My grandparents had a C-64 which they never used. It basically became mine. I think it was $600.
Owned a //c that was all mine, a birthday gift IIRC. I remember that it had a composite output so you could plug it into a TV to play games on a bigger screen that actually had colour. Loved that thing, including the monochrome (green) monitor that neatly sat on top of it. I would spend hours typing in programs from magazines.
My dad got the Apple ]|[ (3) he even got a whopping external 1 MB HDD for the thing. The HDD was in the same case as the CPU, so it kinda looked like my dad had two computers sitting next to each other with the monitor straddling them
Someone donated one of those to my elementary school, but we had not software for it, just an Apple II emulator that had to be loaded on the floppy drive before loading whatever other software you wanted to run on it. Sort of pointless. I’m not sure why it was donated without software other than an emulator.

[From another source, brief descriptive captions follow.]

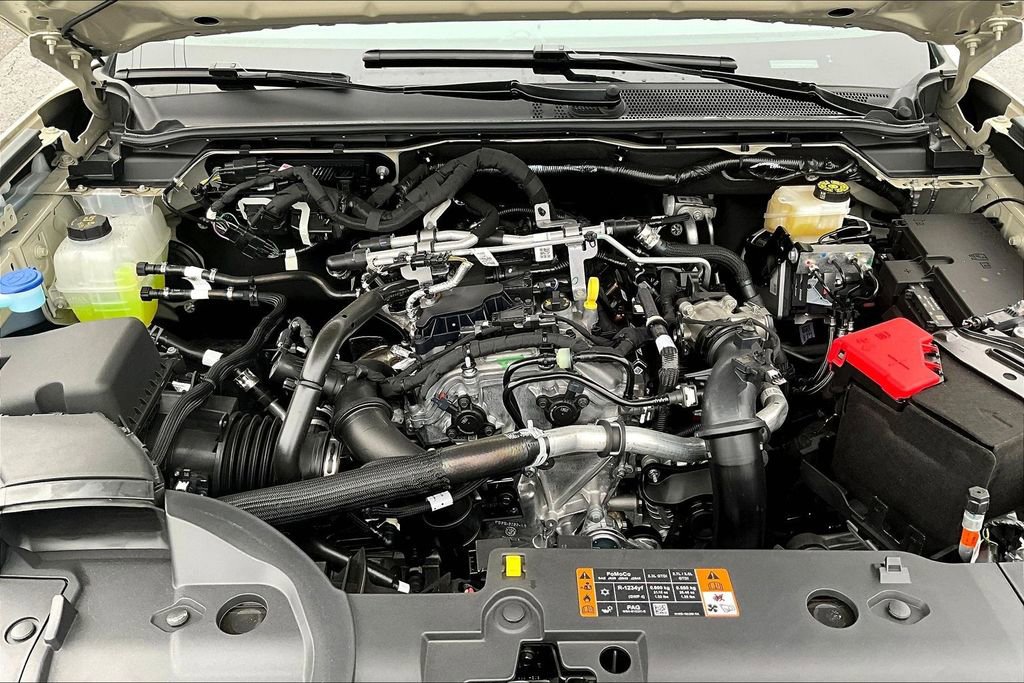 New 2025 Ford Ranger XLT w/ Convenience Package image 12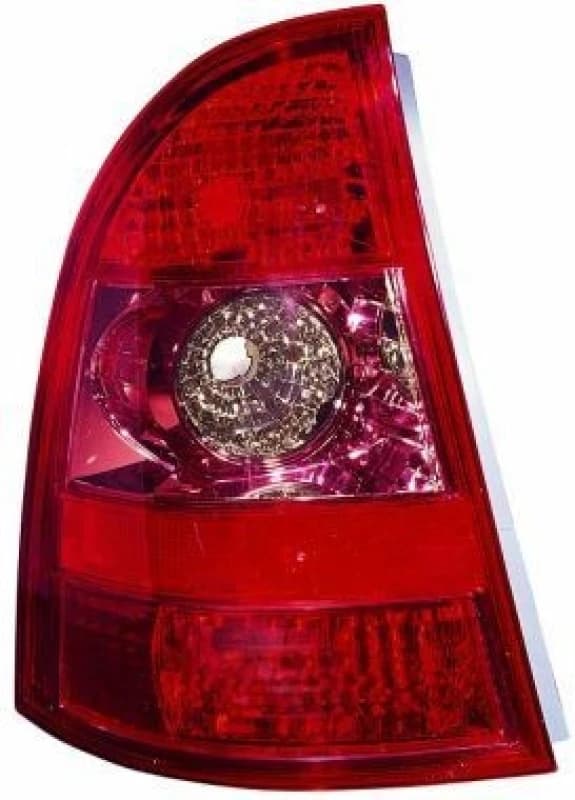 ABAKUS 212-19L1L-LD-UE Rear light without bulb, Left, W21/5W Combination Rearlight (391)
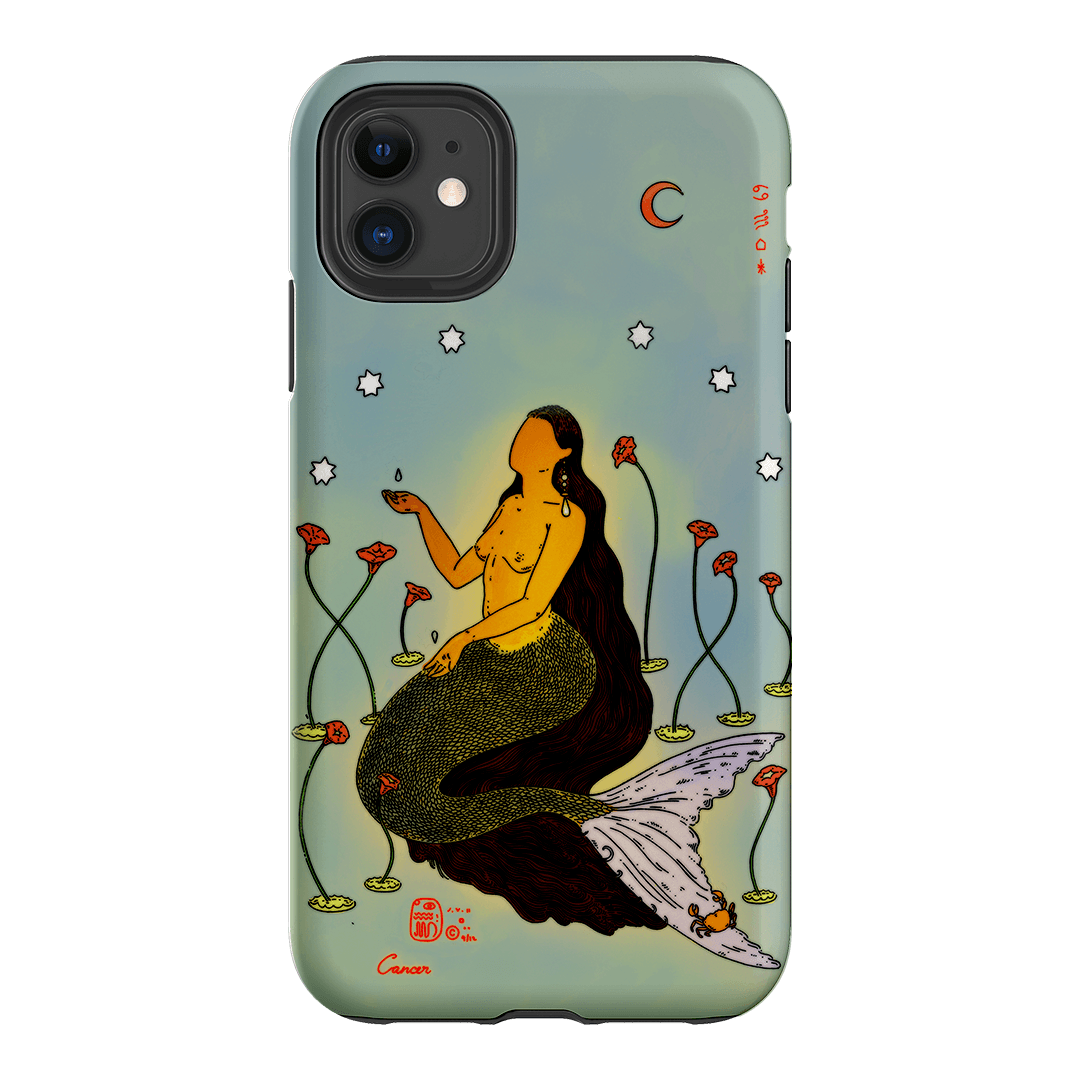 Cancer Season Printed Phone Cases iPhone 11 / Armoured by Easty Beasty - The Dairy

I was quoted £450 for 16MB in 1993. Approximately double that now with inflation. I was a 15 year old with a part time paper route, no way I’d ever afford that!

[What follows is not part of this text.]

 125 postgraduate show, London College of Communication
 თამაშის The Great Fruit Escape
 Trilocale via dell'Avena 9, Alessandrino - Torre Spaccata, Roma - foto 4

Don’t mind me. Just showing off the Sinclair ZX Spectrum bag I got a couple of weeks ago. I’m nostalgic for 5 minute loading screens that could trigger an epileptic fit!

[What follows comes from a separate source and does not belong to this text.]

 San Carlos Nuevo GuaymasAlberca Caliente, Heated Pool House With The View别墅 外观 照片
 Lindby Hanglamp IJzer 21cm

The 80’s were certainly a different time. Especially when only allowed to access a computer at school for a few minutes in the day (Apple IIe) so all of us could “have a go at the computer in the library”!
I would never have imagined as a kid what it was going to be like today with smartphones and the internet everywhere….
“Only had BBCs”. The best 8-bit computer of their generation? ONLY had a BBC? You have any idea how lucky we were growing up with those amazing machines in the 80s-90s? I owe my whole career to the BBC, with an honorable mention to the ZX Spectrum I had at home.
I guess I went to a well funded public school… In 1984-5 we had a whole bunch of apple ][s so we had an hour or so per week of programming in basic- I had a commodore 64 at home so I could do the classwork in the first 5-10 minutes, then spend the rest of the time playing with it to see what it could do…
I was starting writing here to correct you that it had 48KB (like the spectrums) but thought to check on wikipedia and… you are right! Oh my goodness! 1kb and called a computer! And was a computer!
I do, wonderful machine. You could get a 16K RAM pack (most did) that made a huge difference. Problem is, if an ant sneezed in the next town over it’d wobble loose and the machine would crash. A dab of Blu-Tac was just the ticket.
The ZX Spectrum came out 2 years later and was far more capable, and reasonably priced.
Macintosh was always Apple. Apricot may have been trying to ride on the coattails of Apple’s popularity (I remember the computers but I’m too lazy to look it up).
Olivetti, from Italy, was pretty famous in Europe as a typewriter manufacturer. So it wasn't much of a surprise my father's first PC (and the first PC compatible I could use) was Olivetti PCS 386SX, circa 1992.
Turns out Olivetti is surprisingly important in computer history too. Olivetti made Programma 101, which was the first programmable desk computer/calculator, way back in 1965. If NASA bought a bunch of these, I guess it was serious shit.
Seriously, though, it’s no wonder why businesses had most of computers in the 80s; these companies were ripping people the hell off and getting away with it. Nearly $6 grand and you don’t even get a hard drive, nor a reasonable amount of RAM. Give me a fucking break.